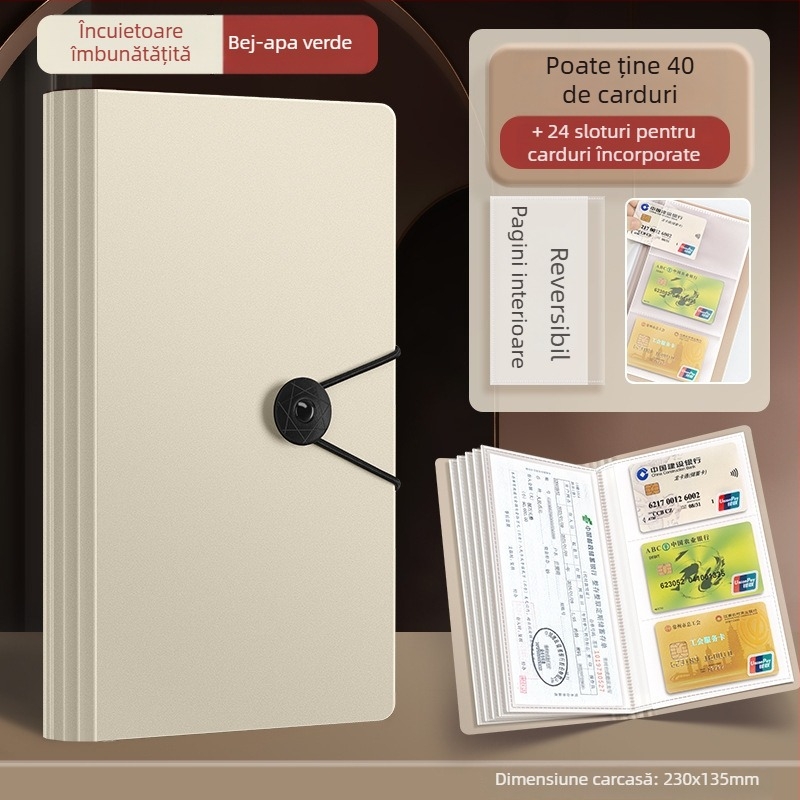 Mapă multifuncțională pentru chitanțe și depuneri, material PP, stil Tether, organizator cu mai multe pagini, personalizare disponibilă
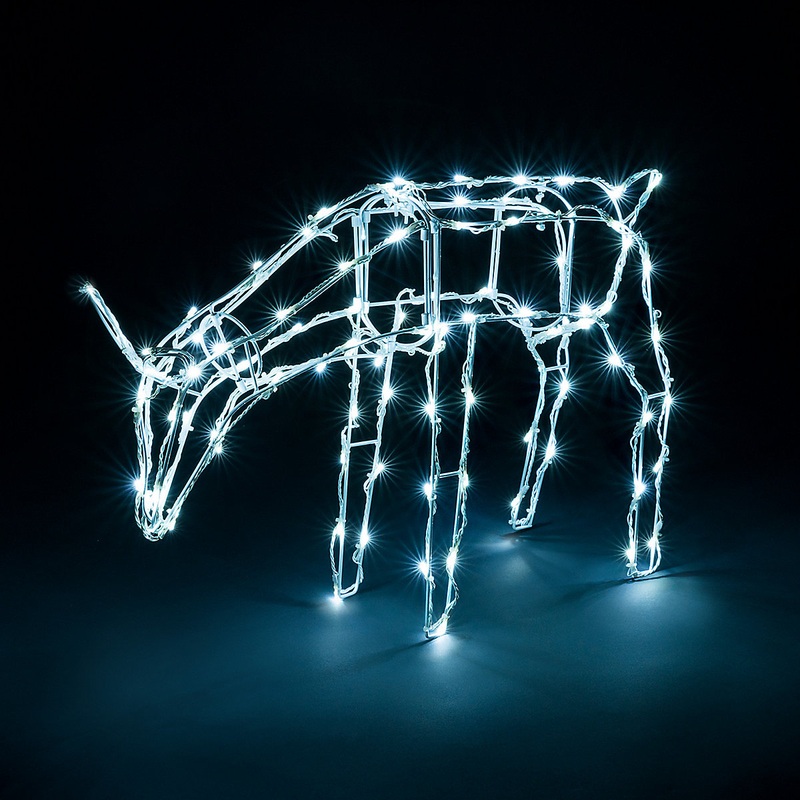 Christow Christmas Light Up White Wire LED Standing Reindeer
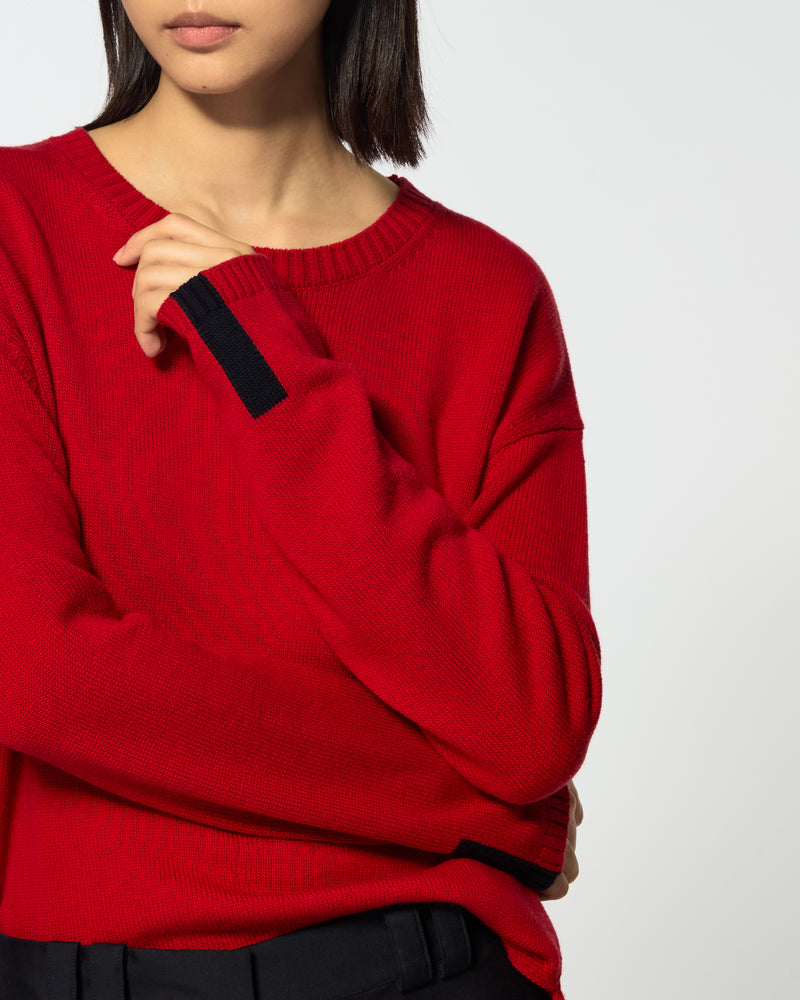 Merino Wool Relaxed Fit Jumper - Red SERENA BUTE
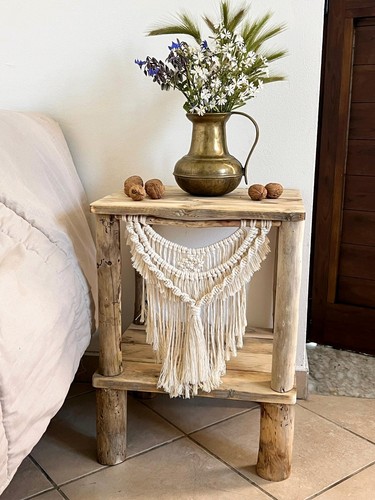 Comodino legno naturale - comodino,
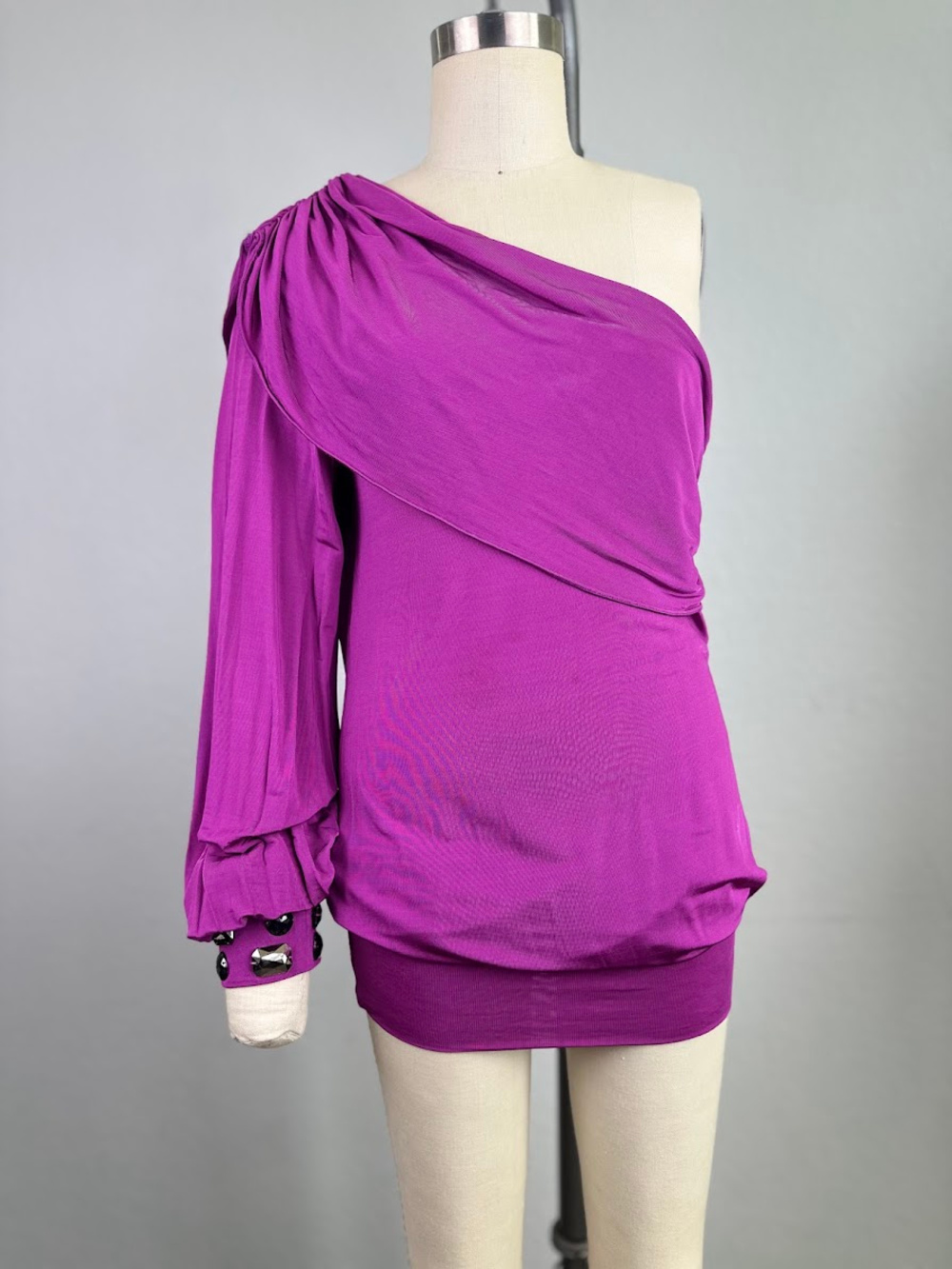 Bebe Bombshell One Shoulder Ruched Mini Dress Purple XS Y2K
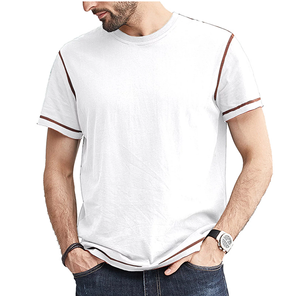 Venta al por mayor para hombre personalizado cuerpo ajustado gimnasio camisetas de secado rápido Activewear deportes O cuello contraste Trim camisetas transpirables - Product Image 1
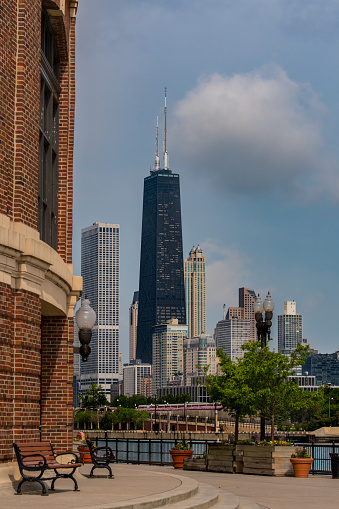 Chicago, United States: May 26, 2016: Hancock Tower from Navy Pier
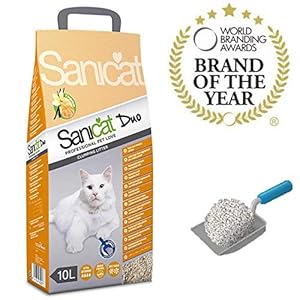 SANICAT Duo Arena Aglomerante para Gatos, Aroma a Vainilla y Mandarina – 10L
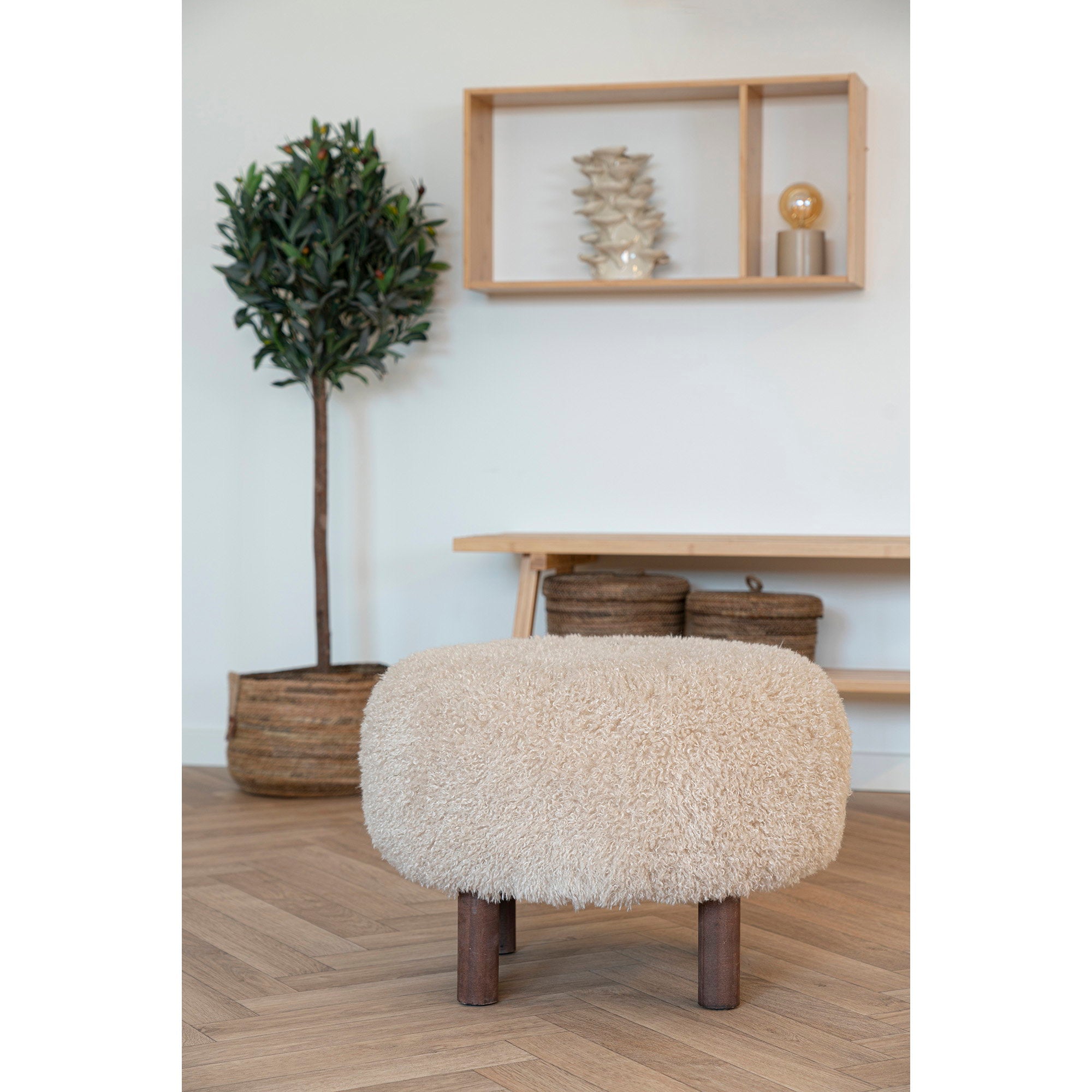 Inverness Pouf - Pouf, hellbraun ø50x36 cm, HN1260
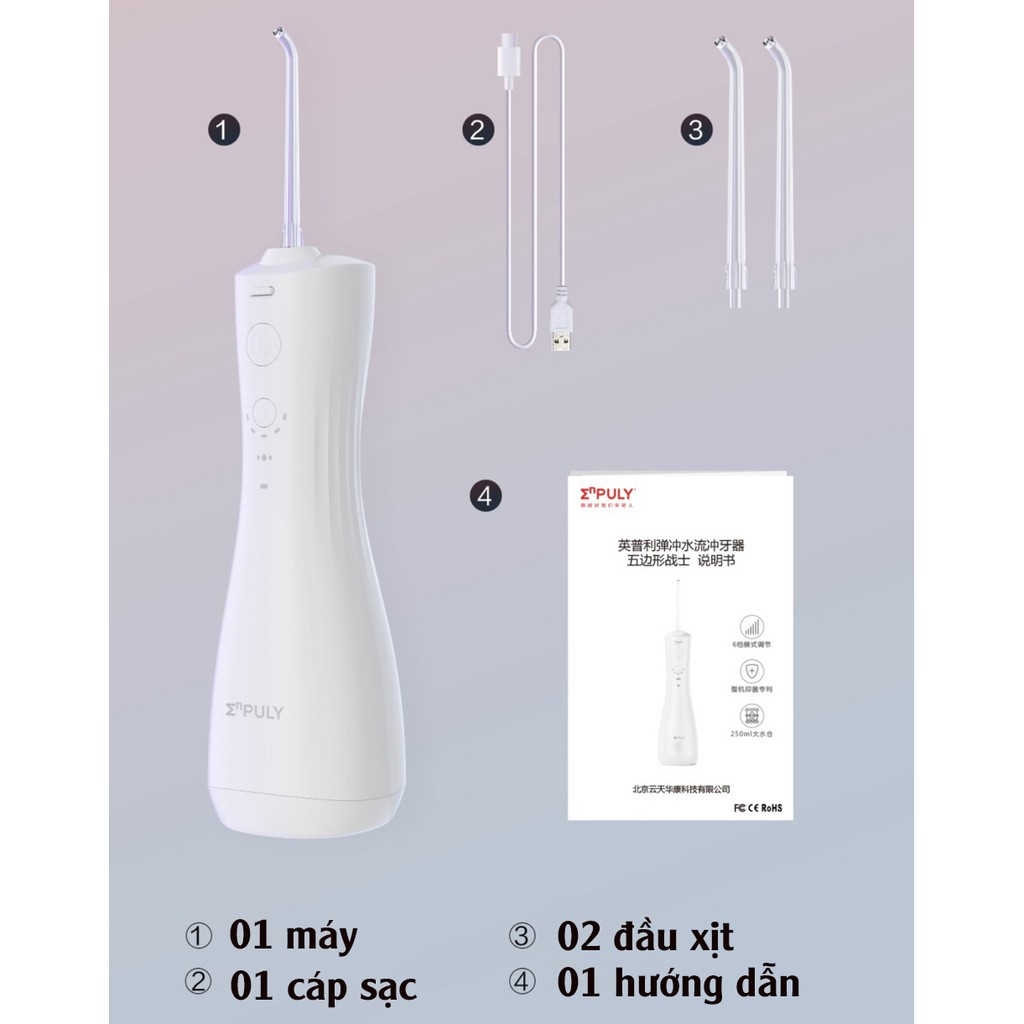 Máy Tăm Nước Mini Xiaomi Enpuly - Máy Xỉa Răng Nước Cầm Tay 6 Cấp Độ Chống Nước Kèm 2 Đầu Xịt - BH 6 Tháng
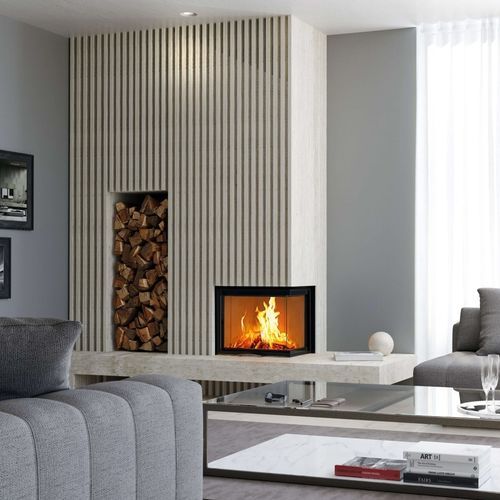 Foyer fermé à bois - 63x40x51 S 2.0 - AUSTROFLAMM - d'angle / en métal / en verre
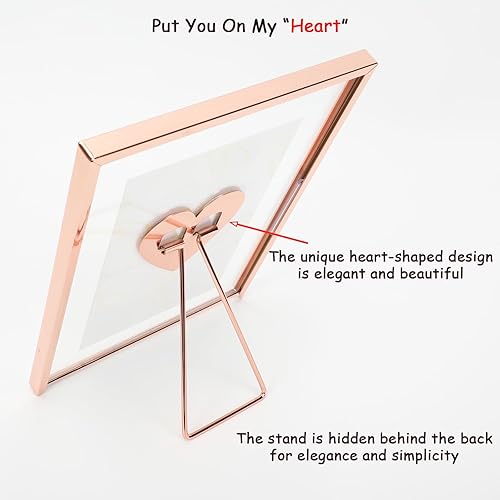 Miniatura 3 de Marco flotante de oro rosa de 6 x 8 pulgadas con corazón romántico, para tamaños de imagen de 5 x 7, 4 x 6, 3 x 5, marco de fotos de estante de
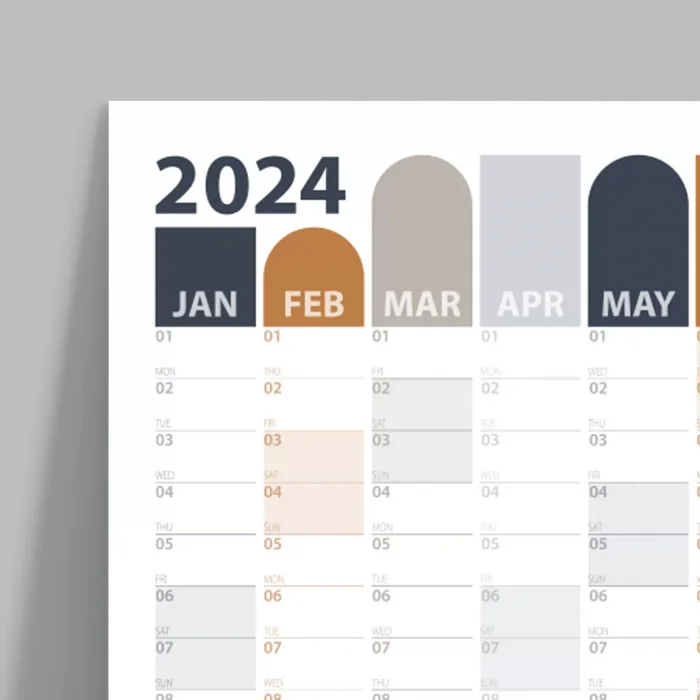 2026 Yıllık Planlayıcı Duvar Takvimi | Antrasit Gri Camel Bej Gri Renkler Aylık Planlayıcı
= = = = =
> **Problem requirements**
All of the records need to be restated word for word, but not the pictures.

> **Solution for this exercise**
 Mapă multifuncțională pentru chitanțe și depuneri, material PP, stil Tether, organizator cu mai multe pagini, personalizare disponibilă
 Christow Christmas Light Up White Wire LED Standing Reindeer
 Merino Wool Relaxed Fit Jumper - Red SERENA BUTE
 Comodino legno naturale - comodino,
 Bebe Bombshell One Shoulder Ruched Mini Dress Purple XS Y2K
 Venta al por mayor para hombre personalizado cuerpo ajustado gimnasio camisetas de secado rápido Activewear deportes O cuello contraste Trim camisetas transpirables - Product Image 1
 Chicago, United States: May 26, 2016: Hancock Tower from Navy Pier
 SANICAT Duo Arena Aglomerante para Gatos, Aroma a Vainilla y Mandarina – 10L
 Inverness Pouf - Pouf, hellbraun ø50x36 cm, HN1260
 Máy Tăm Nước Mini Xiaomi Enpuly - Máy Xỉa Răng Nước Cầm Tay 6 Cấp Độ Chống Nước Kèm 2 Đầu Xịt - BH 6 Tháng
 Foyer fermé à bois - 63x40x51 S 2.0 - AUSTROFLAMM - d'angle / en métal / en verre
 Miniatura 3 de Marco flotante de oro rosa de 6 x 8 pulgadas con corazón romántico, para tamaños de imagen de 5 x 7, 4 x 6, 3 x 5, marco de fotos de estante de
 2026 Yıllık Planlayıcı Duvar Takvimi | Antrasit Gri Camel Bej Gri Renkler Aylık Planlayıcı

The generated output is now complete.